## Your objective
The answer should be the exact lines from the line containing "貂蝉翻身再起，两只重振经典传奇" through the last line of the material below, with no pictures.

## Input data

------------------------------------

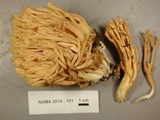 Ramaria cystidiophora image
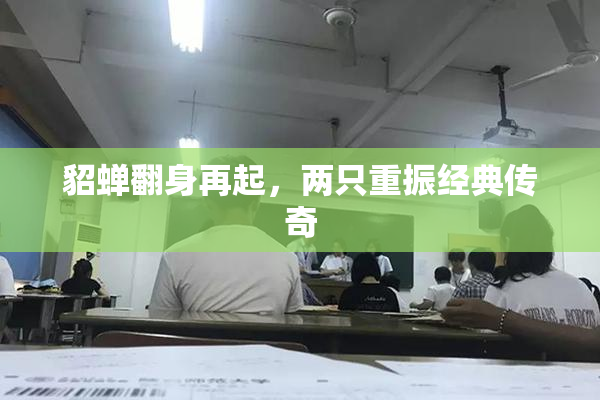 貂蝉翻身再起，两只重振经典传奇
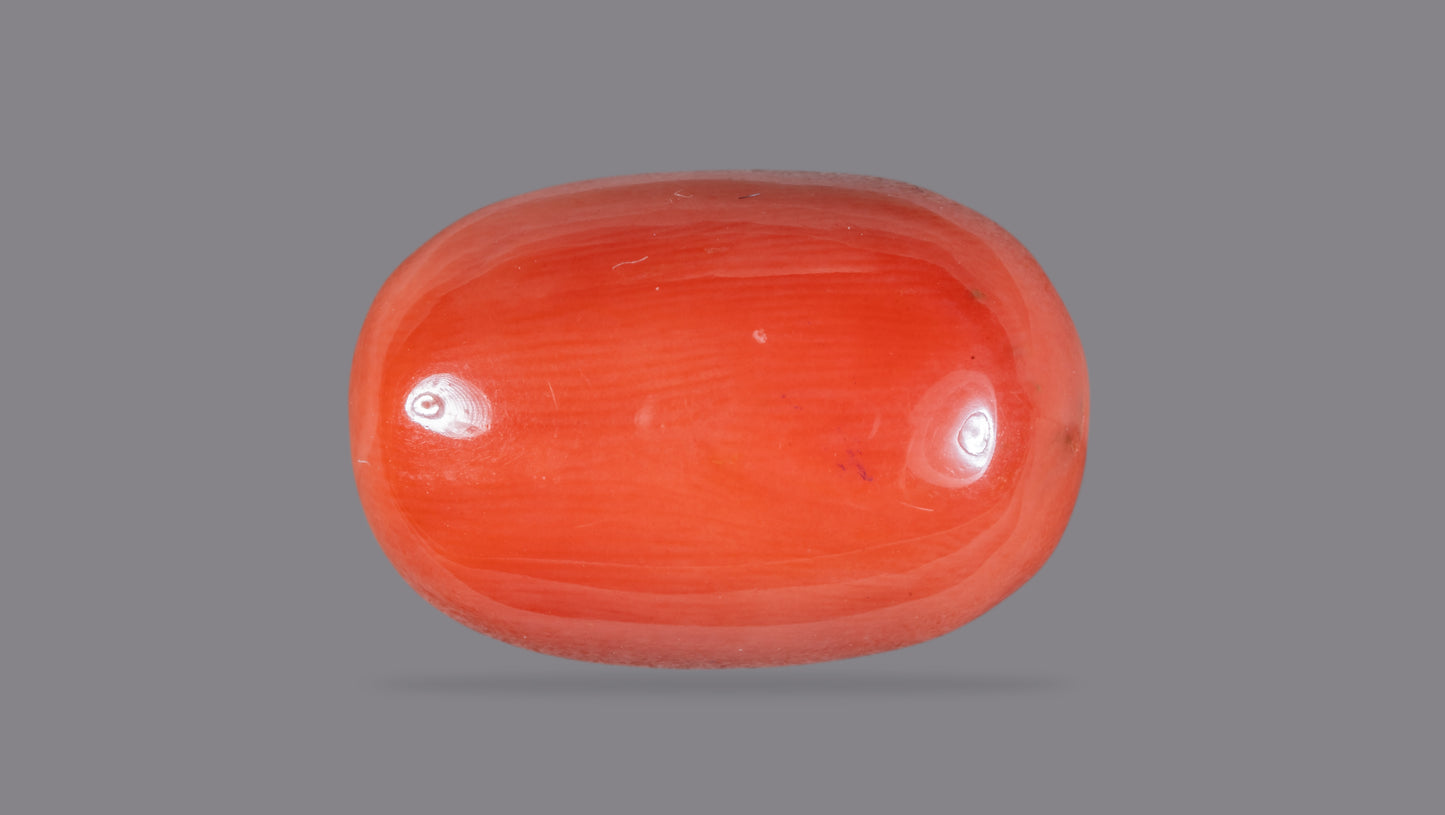 Natural Italian Red Coral (Moonga) 13.29 Carats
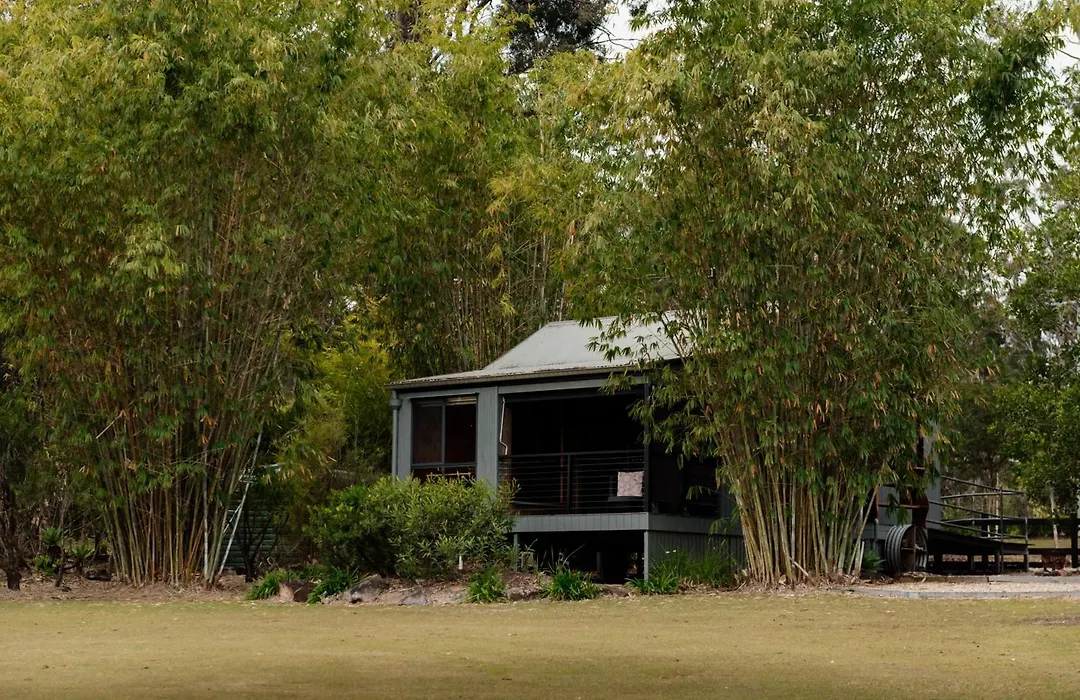 Tuckeroo Cottages & Gardens - Blue Wren & Kookaburra-1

------------------------------------

## Your solution
 貂蝉翻身再起，两只重振经典传奇
 Natural Italian Red Coral (Moonga) 13.29 Carats
 Tuckeroo Cottages & Gardens - Blue Wren & Kookaburra-1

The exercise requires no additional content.